→ **Task statement**: From the line with "Arezzo Small Elena Leather Crossbody Bag" through the line with "Hängende Kunstpflanze mit", repeat the entries verbatim, both end lines included, and add nothing.

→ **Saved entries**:
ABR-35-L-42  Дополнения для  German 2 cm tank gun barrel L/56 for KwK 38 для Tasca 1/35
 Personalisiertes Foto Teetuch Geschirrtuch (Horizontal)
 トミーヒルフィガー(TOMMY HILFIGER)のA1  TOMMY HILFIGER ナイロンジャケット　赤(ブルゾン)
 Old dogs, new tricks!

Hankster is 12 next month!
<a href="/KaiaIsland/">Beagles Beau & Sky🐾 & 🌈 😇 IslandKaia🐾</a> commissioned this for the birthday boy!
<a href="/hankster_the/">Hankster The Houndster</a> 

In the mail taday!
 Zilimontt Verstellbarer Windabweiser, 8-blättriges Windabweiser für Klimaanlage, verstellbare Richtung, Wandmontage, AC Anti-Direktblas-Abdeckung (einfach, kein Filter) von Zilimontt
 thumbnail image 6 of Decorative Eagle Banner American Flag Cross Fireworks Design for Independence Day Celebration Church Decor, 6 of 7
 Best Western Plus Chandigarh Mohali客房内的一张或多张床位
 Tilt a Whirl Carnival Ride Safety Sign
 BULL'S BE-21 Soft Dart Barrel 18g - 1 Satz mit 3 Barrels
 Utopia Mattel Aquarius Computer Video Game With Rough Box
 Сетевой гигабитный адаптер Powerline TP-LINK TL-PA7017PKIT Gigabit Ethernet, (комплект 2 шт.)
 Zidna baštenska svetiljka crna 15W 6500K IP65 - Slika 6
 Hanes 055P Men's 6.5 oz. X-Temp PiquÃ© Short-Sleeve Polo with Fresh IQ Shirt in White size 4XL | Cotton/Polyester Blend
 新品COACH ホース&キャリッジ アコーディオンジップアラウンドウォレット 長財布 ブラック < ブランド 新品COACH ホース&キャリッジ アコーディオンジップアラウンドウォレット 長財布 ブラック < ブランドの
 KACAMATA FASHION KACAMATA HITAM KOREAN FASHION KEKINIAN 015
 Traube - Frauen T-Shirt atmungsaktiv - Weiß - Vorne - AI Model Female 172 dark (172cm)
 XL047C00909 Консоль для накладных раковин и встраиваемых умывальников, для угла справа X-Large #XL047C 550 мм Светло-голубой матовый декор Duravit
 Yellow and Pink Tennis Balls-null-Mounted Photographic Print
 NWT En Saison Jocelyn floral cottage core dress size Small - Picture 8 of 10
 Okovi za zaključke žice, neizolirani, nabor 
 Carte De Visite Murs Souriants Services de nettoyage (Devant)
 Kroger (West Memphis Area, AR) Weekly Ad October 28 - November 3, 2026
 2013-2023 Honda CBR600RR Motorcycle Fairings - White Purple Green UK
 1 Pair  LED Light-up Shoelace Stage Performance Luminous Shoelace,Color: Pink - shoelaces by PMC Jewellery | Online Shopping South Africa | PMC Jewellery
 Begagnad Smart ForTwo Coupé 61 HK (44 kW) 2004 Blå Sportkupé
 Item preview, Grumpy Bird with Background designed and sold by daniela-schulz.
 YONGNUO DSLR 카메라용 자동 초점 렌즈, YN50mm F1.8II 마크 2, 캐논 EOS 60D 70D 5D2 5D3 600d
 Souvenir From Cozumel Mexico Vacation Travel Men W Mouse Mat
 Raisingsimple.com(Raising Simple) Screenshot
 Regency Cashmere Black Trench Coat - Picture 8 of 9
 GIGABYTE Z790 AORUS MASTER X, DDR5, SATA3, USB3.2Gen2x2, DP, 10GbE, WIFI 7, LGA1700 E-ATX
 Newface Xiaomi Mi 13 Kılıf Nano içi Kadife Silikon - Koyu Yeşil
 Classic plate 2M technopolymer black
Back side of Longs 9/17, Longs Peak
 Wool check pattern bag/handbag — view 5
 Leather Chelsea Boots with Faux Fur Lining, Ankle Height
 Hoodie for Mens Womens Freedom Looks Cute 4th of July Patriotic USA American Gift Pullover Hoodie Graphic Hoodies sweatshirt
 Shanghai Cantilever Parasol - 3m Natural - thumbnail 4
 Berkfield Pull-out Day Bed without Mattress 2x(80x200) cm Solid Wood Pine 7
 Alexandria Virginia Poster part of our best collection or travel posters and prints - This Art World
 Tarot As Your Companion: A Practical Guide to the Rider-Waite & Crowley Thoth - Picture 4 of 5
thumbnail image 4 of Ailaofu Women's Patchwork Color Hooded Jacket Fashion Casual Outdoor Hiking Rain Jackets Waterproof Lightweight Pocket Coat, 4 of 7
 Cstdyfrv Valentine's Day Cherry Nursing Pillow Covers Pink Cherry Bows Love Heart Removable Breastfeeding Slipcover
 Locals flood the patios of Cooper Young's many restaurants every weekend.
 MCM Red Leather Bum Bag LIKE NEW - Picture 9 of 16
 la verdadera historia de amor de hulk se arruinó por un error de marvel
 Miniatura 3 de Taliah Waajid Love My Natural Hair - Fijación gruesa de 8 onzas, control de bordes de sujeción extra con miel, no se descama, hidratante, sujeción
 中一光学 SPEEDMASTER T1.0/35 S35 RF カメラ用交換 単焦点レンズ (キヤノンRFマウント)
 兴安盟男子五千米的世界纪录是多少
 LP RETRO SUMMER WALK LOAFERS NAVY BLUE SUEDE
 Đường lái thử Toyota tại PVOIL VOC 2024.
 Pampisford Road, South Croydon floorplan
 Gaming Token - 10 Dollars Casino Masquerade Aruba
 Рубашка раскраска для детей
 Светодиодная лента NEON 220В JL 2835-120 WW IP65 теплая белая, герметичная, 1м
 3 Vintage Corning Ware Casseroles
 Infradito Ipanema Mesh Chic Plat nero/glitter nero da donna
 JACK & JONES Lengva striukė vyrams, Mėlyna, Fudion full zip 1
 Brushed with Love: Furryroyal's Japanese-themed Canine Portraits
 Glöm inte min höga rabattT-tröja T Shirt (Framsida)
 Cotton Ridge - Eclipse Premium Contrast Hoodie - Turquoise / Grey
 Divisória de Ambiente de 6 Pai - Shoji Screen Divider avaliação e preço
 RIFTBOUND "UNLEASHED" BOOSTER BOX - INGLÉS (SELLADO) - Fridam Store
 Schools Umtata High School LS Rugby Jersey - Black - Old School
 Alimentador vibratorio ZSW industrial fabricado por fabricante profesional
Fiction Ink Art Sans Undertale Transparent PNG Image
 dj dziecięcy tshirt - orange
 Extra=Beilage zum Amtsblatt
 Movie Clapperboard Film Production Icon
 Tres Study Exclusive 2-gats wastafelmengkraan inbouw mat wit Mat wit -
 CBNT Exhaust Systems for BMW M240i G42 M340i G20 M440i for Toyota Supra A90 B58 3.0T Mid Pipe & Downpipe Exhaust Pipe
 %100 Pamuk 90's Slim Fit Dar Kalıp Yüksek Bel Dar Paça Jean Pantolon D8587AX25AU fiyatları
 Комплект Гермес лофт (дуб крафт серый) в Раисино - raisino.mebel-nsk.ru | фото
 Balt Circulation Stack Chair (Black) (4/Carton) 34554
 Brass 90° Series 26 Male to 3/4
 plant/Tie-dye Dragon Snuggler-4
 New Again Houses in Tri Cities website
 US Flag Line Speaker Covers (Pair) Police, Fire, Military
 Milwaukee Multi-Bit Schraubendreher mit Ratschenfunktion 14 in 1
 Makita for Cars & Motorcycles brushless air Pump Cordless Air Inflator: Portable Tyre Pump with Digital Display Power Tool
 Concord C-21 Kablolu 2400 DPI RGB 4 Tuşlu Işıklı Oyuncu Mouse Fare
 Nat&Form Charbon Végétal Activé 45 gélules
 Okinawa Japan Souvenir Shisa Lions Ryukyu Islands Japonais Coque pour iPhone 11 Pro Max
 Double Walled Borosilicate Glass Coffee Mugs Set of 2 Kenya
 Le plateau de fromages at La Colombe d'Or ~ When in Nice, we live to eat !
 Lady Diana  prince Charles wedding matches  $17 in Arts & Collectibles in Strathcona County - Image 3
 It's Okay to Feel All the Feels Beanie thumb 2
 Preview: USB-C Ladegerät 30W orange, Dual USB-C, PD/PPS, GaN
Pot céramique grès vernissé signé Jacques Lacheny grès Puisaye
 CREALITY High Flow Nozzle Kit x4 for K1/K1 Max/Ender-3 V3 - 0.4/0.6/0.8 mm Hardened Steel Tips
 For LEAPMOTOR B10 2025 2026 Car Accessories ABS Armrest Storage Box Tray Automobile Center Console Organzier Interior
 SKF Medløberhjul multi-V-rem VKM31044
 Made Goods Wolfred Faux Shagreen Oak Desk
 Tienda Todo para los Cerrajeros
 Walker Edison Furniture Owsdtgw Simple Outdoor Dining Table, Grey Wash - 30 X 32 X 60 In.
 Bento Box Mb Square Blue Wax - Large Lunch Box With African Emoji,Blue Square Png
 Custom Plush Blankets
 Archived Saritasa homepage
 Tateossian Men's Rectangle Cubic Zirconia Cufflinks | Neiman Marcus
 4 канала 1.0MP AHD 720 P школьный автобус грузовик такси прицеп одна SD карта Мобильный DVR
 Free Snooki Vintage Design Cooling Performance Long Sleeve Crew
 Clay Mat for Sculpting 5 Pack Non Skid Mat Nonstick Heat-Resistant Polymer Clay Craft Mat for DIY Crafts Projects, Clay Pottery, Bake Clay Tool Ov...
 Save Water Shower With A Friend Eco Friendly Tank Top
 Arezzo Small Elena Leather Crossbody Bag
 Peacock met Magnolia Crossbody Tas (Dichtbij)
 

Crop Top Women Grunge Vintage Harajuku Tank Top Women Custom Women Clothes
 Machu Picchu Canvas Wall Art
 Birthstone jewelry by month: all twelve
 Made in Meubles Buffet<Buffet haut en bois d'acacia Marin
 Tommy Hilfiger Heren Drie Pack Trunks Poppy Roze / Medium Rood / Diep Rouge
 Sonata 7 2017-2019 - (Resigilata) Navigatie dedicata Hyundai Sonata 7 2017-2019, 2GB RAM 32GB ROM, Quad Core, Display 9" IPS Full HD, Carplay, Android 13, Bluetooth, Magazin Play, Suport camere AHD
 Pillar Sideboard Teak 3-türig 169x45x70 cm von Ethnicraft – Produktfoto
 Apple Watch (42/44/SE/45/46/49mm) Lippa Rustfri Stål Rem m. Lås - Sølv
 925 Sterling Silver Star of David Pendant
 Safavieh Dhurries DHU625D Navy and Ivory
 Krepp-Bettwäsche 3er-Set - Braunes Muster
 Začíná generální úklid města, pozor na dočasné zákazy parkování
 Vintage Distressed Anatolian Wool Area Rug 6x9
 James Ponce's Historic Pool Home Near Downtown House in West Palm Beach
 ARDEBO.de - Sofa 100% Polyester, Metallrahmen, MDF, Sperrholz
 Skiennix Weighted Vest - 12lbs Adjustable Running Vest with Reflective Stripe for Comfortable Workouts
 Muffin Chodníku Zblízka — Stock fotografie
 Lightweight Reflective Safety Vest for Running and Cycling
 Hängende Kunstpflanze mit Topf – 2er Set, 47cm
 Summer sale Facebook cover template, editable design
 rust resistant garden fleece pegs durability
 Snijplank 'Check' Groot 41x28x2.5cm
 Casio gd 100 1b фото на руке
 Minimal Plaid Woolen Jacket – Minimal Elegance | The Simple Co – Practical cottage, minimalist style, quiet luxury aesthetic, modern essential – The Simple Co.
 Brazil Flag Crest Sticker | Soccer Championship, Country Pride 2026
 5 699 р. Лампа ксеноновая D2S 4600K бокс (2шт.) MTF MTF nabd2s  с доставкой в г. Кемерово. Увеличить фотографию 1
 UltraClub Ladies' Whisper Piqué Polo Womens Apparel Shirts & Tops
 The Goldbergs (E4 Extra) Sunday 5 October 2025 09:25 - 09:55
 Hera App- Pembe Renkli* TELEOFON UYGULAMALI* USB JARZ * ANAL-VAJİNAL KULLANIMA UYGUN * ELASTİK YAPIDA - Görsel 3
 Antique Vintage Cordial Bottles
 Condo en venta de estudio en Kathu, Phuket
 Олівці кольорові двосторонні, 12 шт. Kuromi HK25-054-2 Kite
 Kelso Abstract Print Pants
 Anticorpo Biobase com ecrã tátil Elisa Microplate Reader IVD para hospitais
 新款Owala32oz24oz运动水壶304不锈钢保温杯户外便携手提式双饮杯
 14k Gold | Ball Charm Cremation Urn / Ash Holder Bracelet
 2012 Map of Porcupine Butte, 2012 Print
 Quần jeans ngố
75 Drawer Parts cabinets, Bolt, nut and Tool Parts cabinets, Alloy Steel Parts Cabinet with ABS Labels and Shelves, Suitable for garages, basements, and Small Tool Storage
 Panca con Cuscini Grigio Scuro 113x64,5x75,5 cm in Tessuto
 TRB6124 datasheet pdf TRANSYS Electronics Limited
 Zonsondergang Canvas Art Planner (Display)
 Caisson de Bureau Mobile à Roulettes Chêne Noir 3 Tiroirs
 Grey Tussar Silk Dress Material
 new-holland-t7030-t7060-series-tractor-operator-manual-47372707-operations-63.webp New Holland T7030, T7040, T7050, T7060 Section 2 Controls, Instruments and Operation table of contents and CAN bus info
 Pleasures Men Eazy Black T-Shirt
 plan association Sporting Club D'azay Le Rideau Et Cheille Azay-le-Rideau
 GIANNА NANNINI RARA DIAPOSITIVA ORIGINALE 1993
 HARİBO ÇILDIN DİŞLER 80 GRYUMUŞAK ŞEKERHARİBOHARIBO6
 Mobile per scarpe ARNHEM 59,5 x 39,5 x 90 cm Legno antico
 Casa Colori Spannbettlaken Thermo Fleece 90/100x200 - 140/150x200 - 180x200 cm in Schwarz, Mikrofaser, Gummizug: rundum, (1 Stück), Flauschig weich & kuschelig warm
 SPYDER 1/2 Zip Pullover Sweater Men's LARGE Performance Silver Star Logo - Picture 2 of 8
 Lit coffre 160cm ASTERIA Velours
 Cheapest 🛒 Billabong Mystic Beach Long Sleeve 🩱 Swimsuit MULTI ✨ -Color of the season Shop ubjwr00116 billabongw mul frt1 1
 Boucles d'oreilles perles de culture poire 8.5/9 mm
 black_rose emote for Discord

→ **Problem solution**:
 Arezzo Small Elena Leather Crossbody Bag
 Peacock met Magnolia Crossbody Tas (Dichtbij)
 

Crop Top Women Grunge Vintage Harajuku Tank Top Women Custom Women Clothes
 Machu Picchu Canvas Wall Art
 Birthstone jewelry by month: all twelve
 Made in Meubles Buffet<Buffet haut en bois d'acacia Marin
 Tommy Hilfiger Heren Drie Pack Trunks Poppy Roze / Medium Rood / Diep Rouge
 Sonata 7 2017-2019 - (Resigilata) Navigatie dedicata Hyundai Sonata 7 2017-2019, 2GB RAM 32GB ROM, Quad Core, Display 9" IPS Full HD, Carplay, Android 13, Bluetooth, Magazin Play, Suport camere AHD
 Pillar Sideboard Teak 3-türig 169x45x70 cm von Ethnicraft – Produktfoto
 Apple Watch (42/44/SE/45/46/49mm) Lippa Rustfri Stål Rem m. Lås - Sølv
 925 Sterling Silver Star of David Pendant
 Safavieh Dhurries DHU625D Navy and Ivory
 Krepp-Bettwäsche 3er-Set - Braunes Muster
 Začíná generální úklid města, pozor na dočasné zákazy parkování
 Vintage Distressed Anatolian Wool Area Rug 6x9
 James Ponce's Historic Pool Home Near Downtown House in West Palm Beach
 ARDEBO.de - Sofa 100% Polyester, Metallrahmen, MDF, Sperrholz
 Skiennix Weighted Vest - 12lbs Adjustable Running Vest with Reflective Stripe for Comfortable Workouts
 Muffin Chodníku Zblízka — Stock fotografie
 Lightweight Reflective Safety Vest for Running and Cycling
 Hängende Kunstpflanze mit Topf – 2er Set, 47cm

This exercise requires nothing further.